Day after officer jailed, bomb threat, sickout shut down courthouses

By Nick R. Martin | December 2nd, 2009 | 1:13 pm | 11 Comments »

Maricopa County Superior Court
Three buildings make up the main facilities for the Maricopa County Superior Court.

Maricopa County’s main courthouses in downtown Phoenix have been shut down today as a bomb threat and a possible sickout by detention officers crippled one of the largest justice systems in the nation just a day after a sheriff’s officer was jailed for violating a court order.

A spokesman with the Maricopa County Sheriff’s Office said 911 dispatchers in Phoenix took a call of a bomb threat at about 10 a.m., and evacuations of the county’s three main Superior Court buildings began quickly after that. Hundreds of people poured out of the buildings, which make up one of the five largest court systems in the nation, and proceedings have been called off for now.

Since then, the sheriff’s bomb squad and other agencies have been sweeping the buildings with dogs, looking for potential devices. “I don’t know when that will be over and whether (the courts) will open again today,” said sheriff’s spokesman Det. Aaron Douglas.

Karen Arra, a spokeswoman with the courts, said later, however, that the courts were scheduled to open again at 1:30 p.m.

Douglas said the sheriff’s office has not been able to track down reports that the threat was called in by somebody who was upset about recent developments involving the case of sheriff’s detention officer Adam Stoddard.

Stoddard was jailed on Tuesday night after refusing to apologize for taking a confidential document from the files of a defense attorney in a bizarre Oct. 18 courtroom scene that was all captured on security video. Stoddard later said he believed the document contained information about some kind of crime or threat that could be taking place in the courthouse.

However, after several days of testimony and hearings, Maricopa County Superior Court Judge Gary Donahoe ruled that there was no threat and Stoddard was found in contempt of court for violating the attorney-client privilege. He was ordered to apologize or else face jail time. This week, he chose the latter.

Douglas said, however, it’s unclear whether today’s bomb threat is related to the incident, as has been reported by other media.

“We have not tracked that down as far as the validity and the reason behind the bomb threat,” he said. “This is still an active case.”

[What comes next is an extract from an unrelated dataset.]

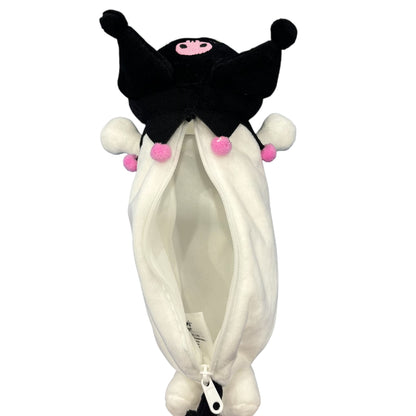 Kuromi Plush Pocket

Douglas also confirmed that a high number of detention officers called in sick today, but he said the motives behind that are also unclear. “Because of the flu season, we normally have a high number of sheriff’s staff out sick,” he said.

“A lot of media wants to link that together” with Stoddard’s case, he said, but it is too early to know.

Douglas said the office plans to and the information will be given to Sheriff Joe Arpaio to decide what to do.

But the president of the union that represents the county’s detention officers denied unequivocally that a sickout had been organized.

“We did not orchestrate that,” said John Solano of the Maricopa County Association of Detention Officers. “Nobody orchestrated that that we know of. We wouldn’t do that.”

Instead, he said a “solidarity march” and rally is planned for 1:30 p.m. today in front of the courthouses – given that they can get close enough in light of the bomb threat.

Solano said the union wants to make sure Stoddard “knows we’re there for him.”

“We think that a public humiliation by the judge is not something that’s righteous or necessary under the law,” he said, adding that Stoddard did “what he thought was a protection of the law, and the protection of the office and the judge himself.”